* **Assignment**: Transcribe the tail of the listing: start at the line containing "Washington State Falls To Oregon State, 38-9" and stop after the last line, keeping every character as is and adding nothing.

* **Data extracts**:
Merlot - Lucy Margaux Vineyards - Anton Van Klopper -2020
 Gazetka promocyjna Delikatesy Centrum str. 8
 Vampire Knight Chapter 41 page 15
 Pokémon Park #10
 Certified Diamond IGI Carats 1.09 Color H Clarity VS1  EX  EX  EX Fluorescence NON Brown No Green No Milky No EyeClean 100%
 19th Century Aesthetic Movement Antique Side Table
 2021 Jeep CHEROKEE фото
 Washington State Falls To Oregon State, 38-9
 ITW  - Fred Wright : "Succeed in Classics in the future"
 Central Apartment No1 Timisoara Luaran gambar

* **Response**:
 Washington State Falls To Oregon State, 38-9
 ITW  - Fred Wright : "Succeed in Classics in the future"
 Central Apartment No1 Timisoara Luaran gambar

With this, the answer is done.